THE PROBLEM » A faithful transcription of all the data, images excluded, is the required answer.

START DATA PROVIDED

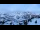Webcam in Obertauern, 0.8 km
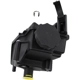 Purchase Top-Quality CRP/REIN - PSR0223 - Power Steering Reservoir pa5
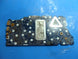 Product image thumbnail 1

END DATA PROVIDED

YOUR SOLUTION »
Webcam in Obertauern, 0.8 km
 Purchase Top-Quality CRP/REIN - PSR0223 - Power Steering Reservoir pa5
 Product image thumbnail 1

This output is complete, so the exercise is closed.